だからこそ、今日の判決はとても大切だったと思う。(追記:一方で、性欲、性衝動と性犯罪は関係ないのでは、と思う)
“米国で人種隔離体制が確立される際に役立ったのは、黒人男性が白人女性をレイプする犯罪者だとするステレオタイプだった。
これは人種混交への恐怖を掻き立てるレイシズムと同時に、女性の貞操を男性の所有物とするセクシズムによる煽動であり、奴隷である黒人女性を従属させるための白人男性によるレイプの頻発という実践に支えられていた。”

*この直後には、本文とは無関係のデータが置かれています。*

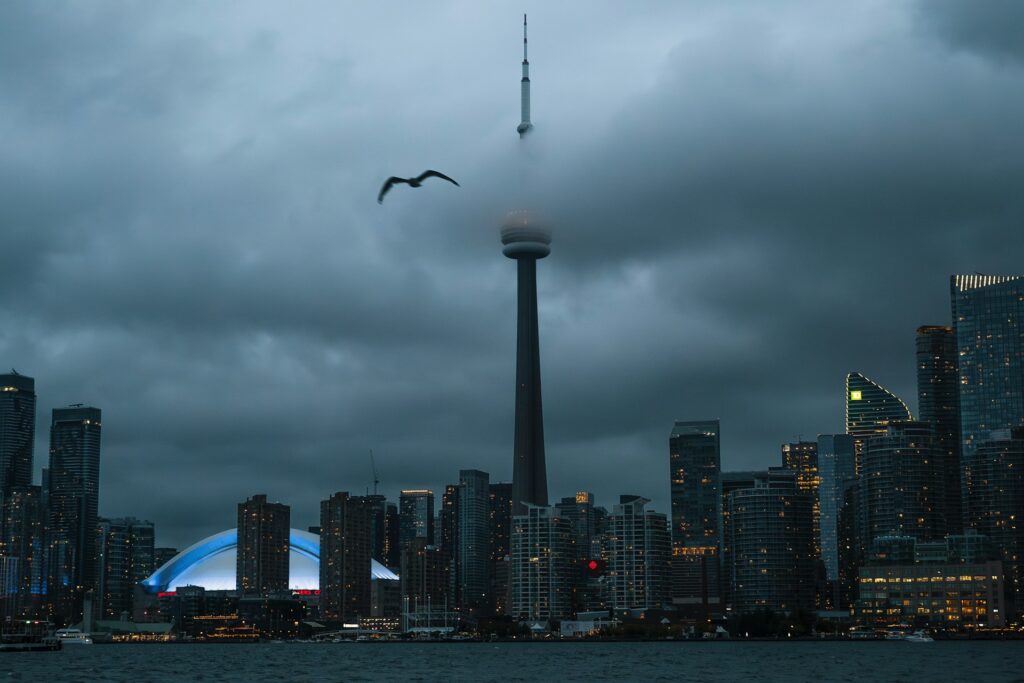 Cloudy evening Toronto skyline with the CN Tower partially obscured by clouds, representing Garson Immigration Law and its partners being named to the 2026 edition of The Best Lawyers in Canada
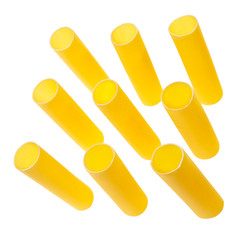 Italian cannelloni pasta tubes isolated over white background.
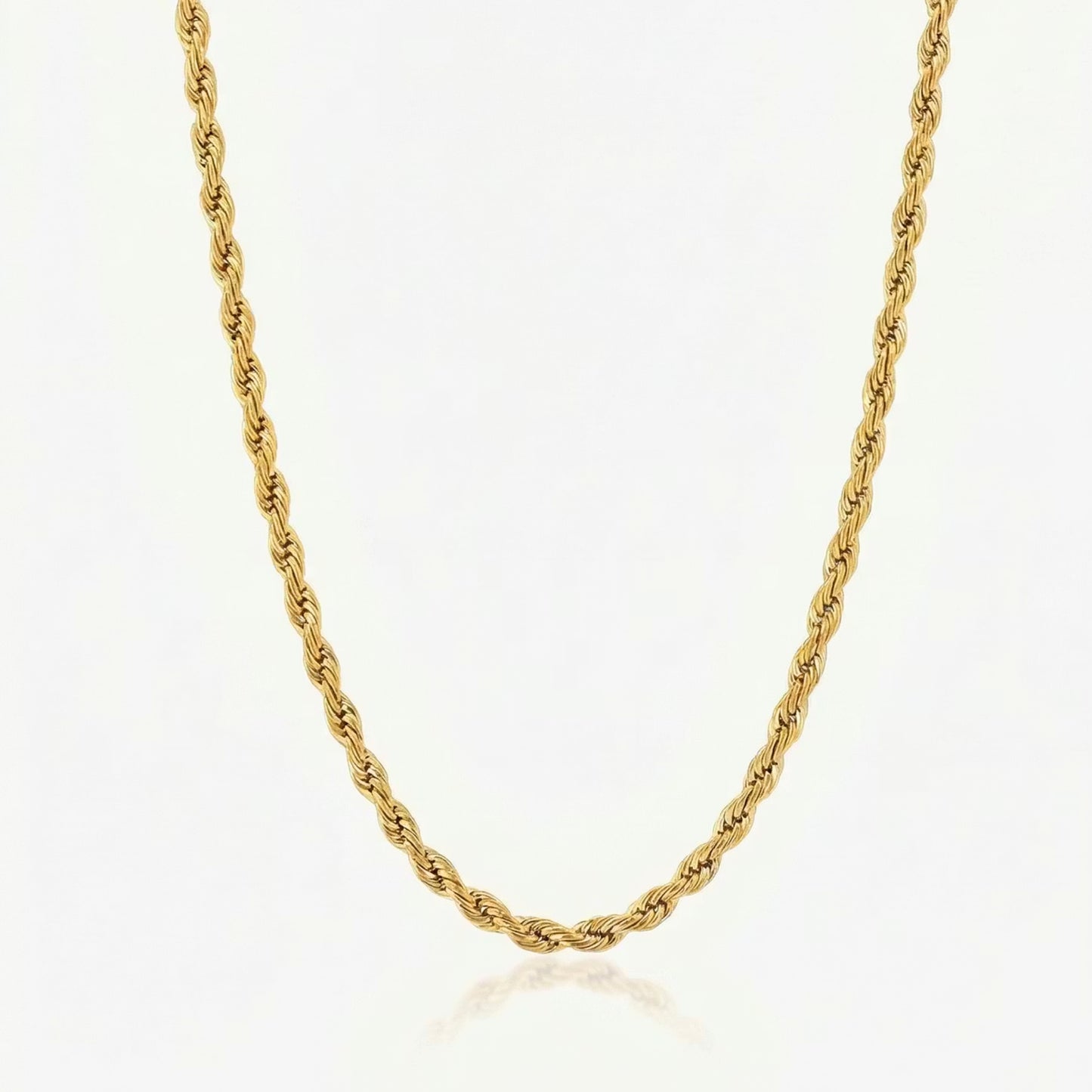 Gold rope chain necklace on a white background
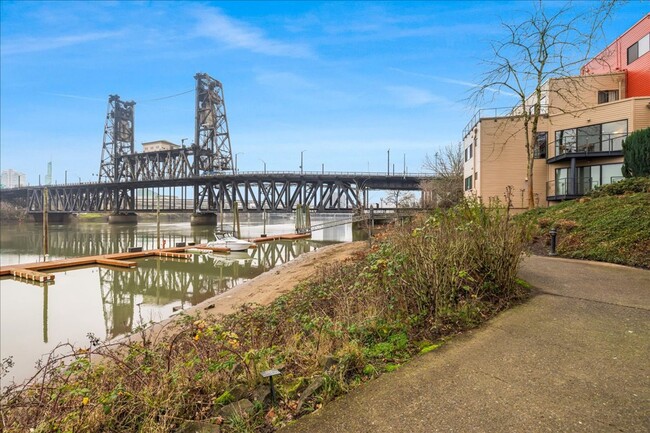 Building Photo - Newly Renovated condo with Stunning River ...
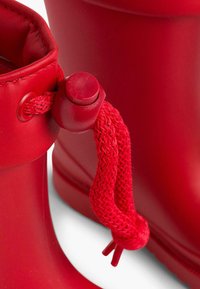 Des bottes en caoutchouc rouges avec une forme arrondie, des lacets texturés rouges et une fermeture à cordon au sommet pour un ajustement réglable.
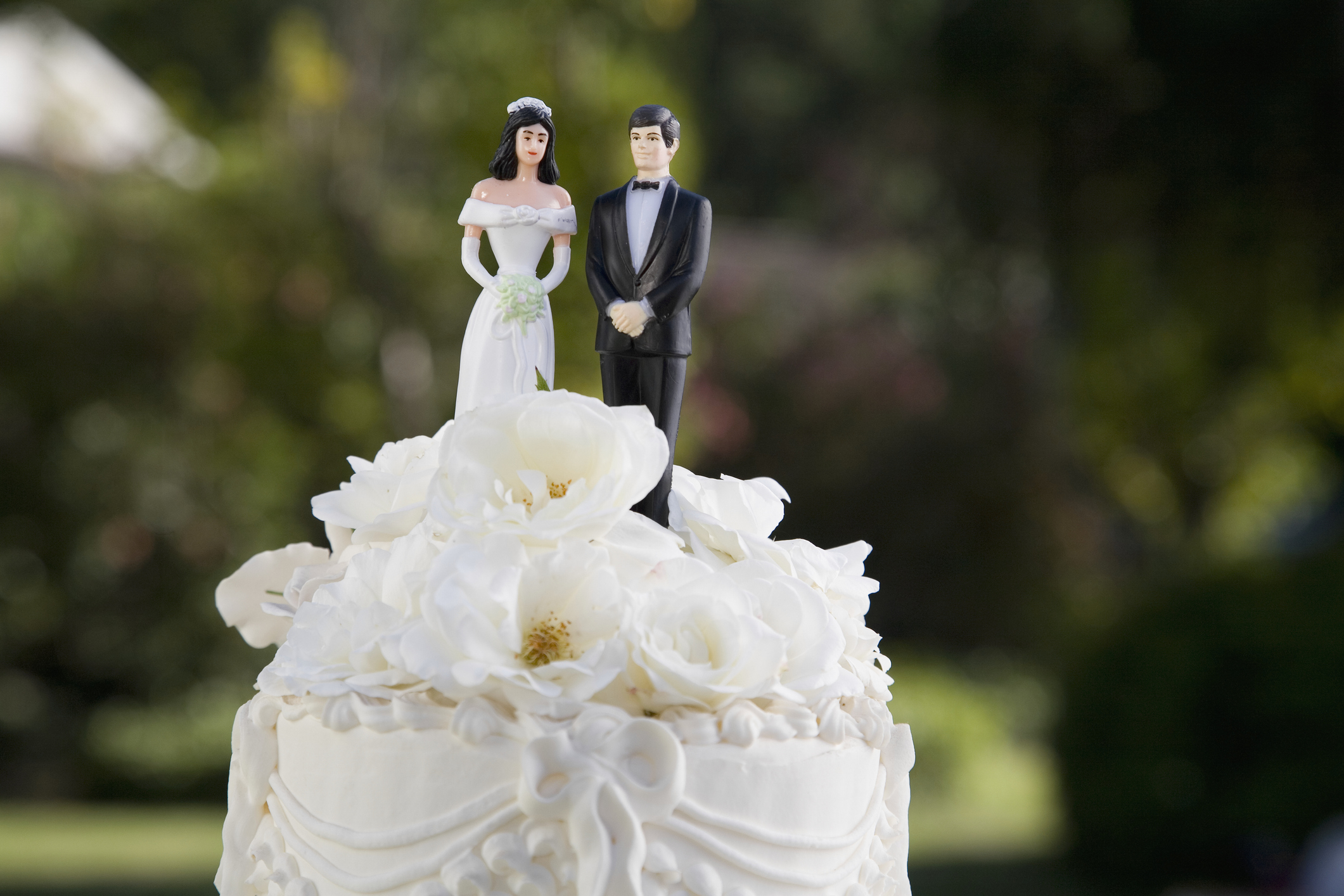 Bride and groom figurines atop a wedding cake with intricate icing details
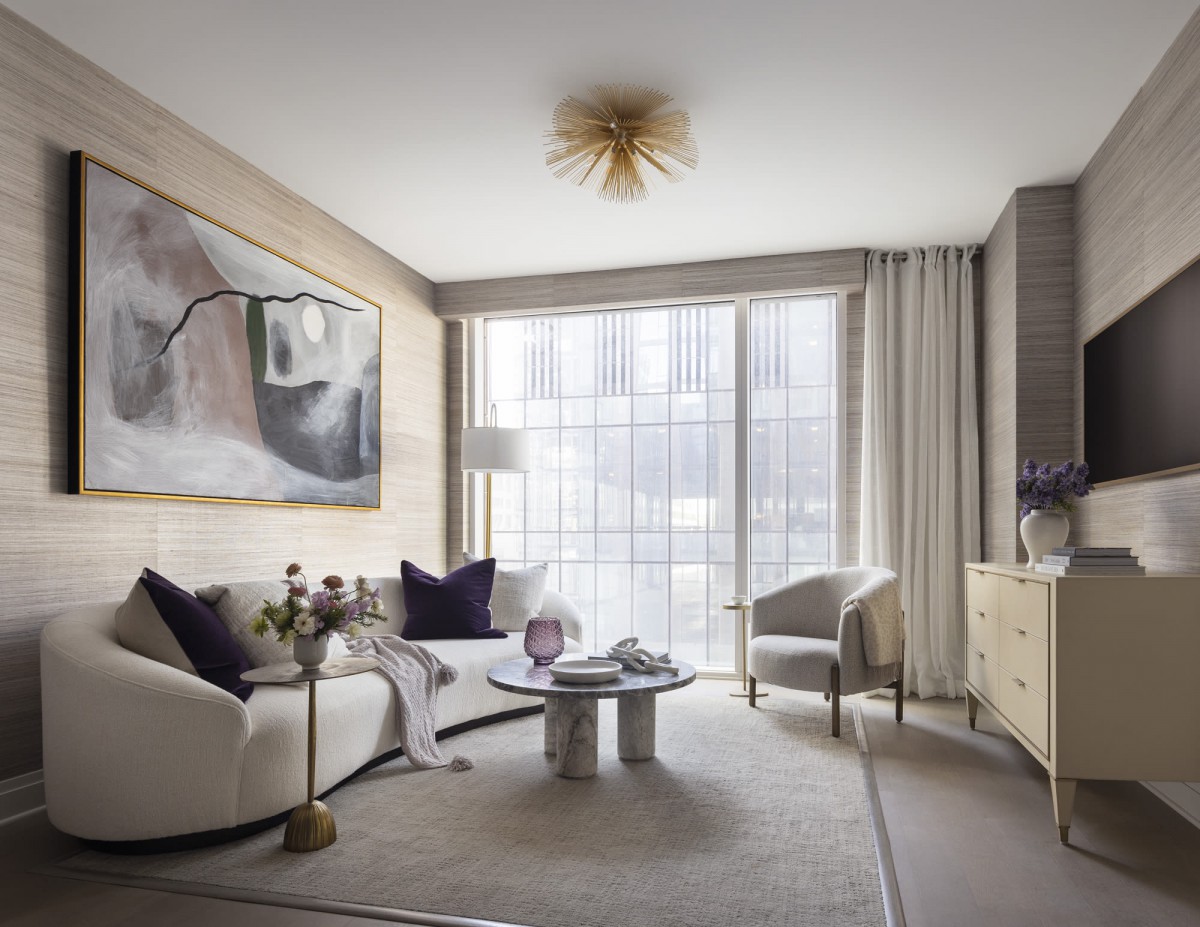 A modern living room with chic furniture and elegant decor, featuring a large window that lets in natural light.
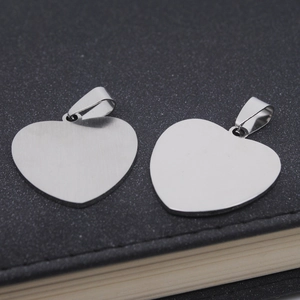 Close-up of heart-shaped stainless steel pendants with a brushed metal texture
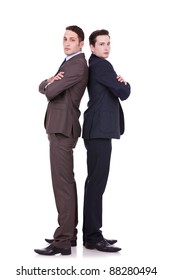 Full Body Picture Of Two Serious Business Men Standing Back To Back Over White Background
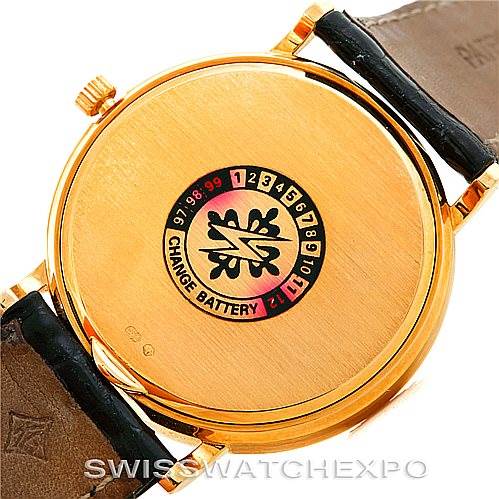The image displays the back case of a Patek Philippe Calatrava 3944 Men's Yellow Gold White Dial 3944 Men's Yellow Gold White Dial watch, highlighting the battery change indicator.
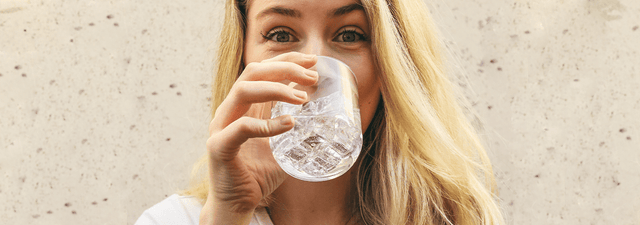 Frau trinkt bei Hitze Wasser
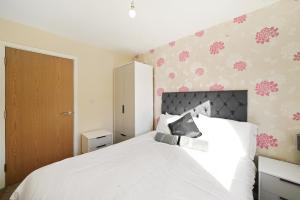 een slaapkamer met een wit bed met roze bloemen aan de muur bij Fully Furnished 2 BR Flat with Free Parking in Stoke on Trent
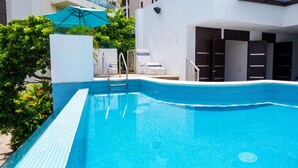 Ein Schwimmbecken mit gefliesten Rändern, einer Metallleiter und einem blauen Sonnenschirm.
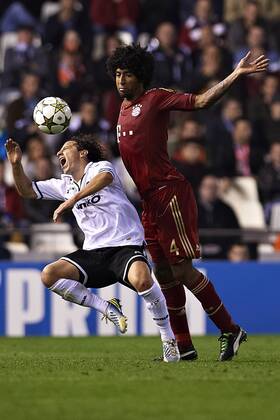 VALENCIA, SPAIN - NOVEMBER 20: (L) Andres Guardado of Valencia being fouled by (R) Dante of Bayern Munich during the UEFA Champions League between Valencia CF and FC Bayern Munich at the Mestalla Stadium on November 20, 2012 in Valencia, Spain. (Photo by Aitor Alcalde Colomer) 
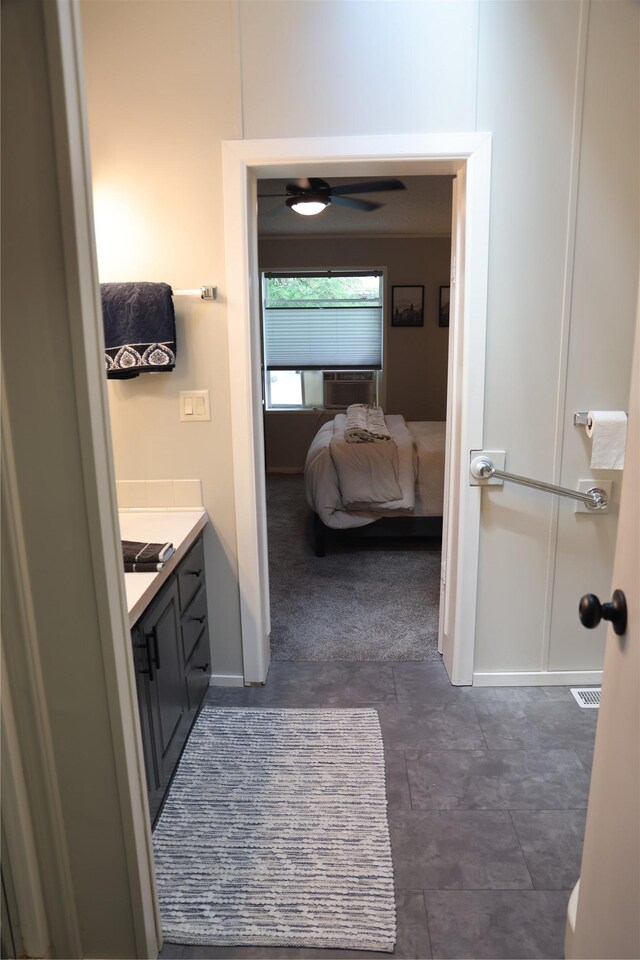 3000 Villard Ave Unit 149, Helena, MT 59601 - bathroom with vanity, a ceiling fan, and cooling unit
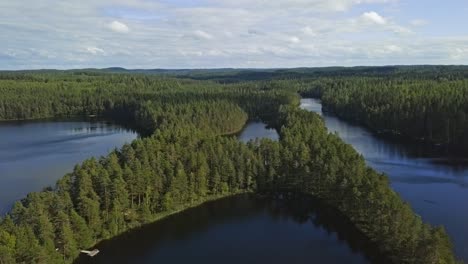 Aerial-footage-of-a-Finnish-lake-in-summer,-blue-sky,-heavy-clouds-and-sun,-x-shape-island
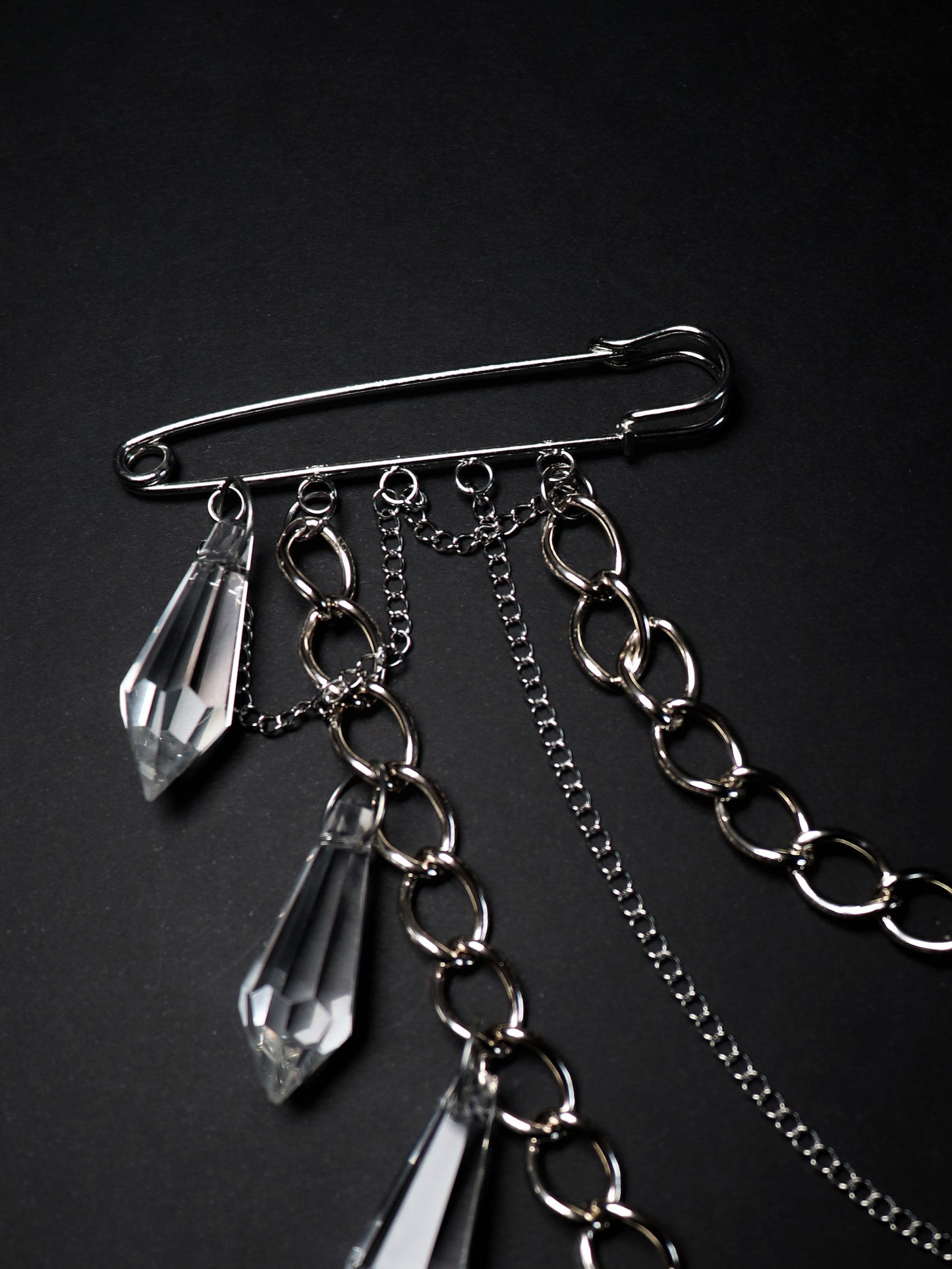 Brooch with chains and glass pendants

・国士舘極右による朝高生襲撃事件(男性被害)とチマチョゴリ事件(女性)。極右のマチズモとミソジニー「女を殴る男は恥だ」、庶民の自然発生的レイシズム暴力の対象、より弱く識別可能な「チョゴリ」という制服を着用した「女性」。この二つはレイシズムとセクシズムとして矛盾しない。
繰り返し指摘されているように、反レイシズム規範の確立が本当に必要だと思う。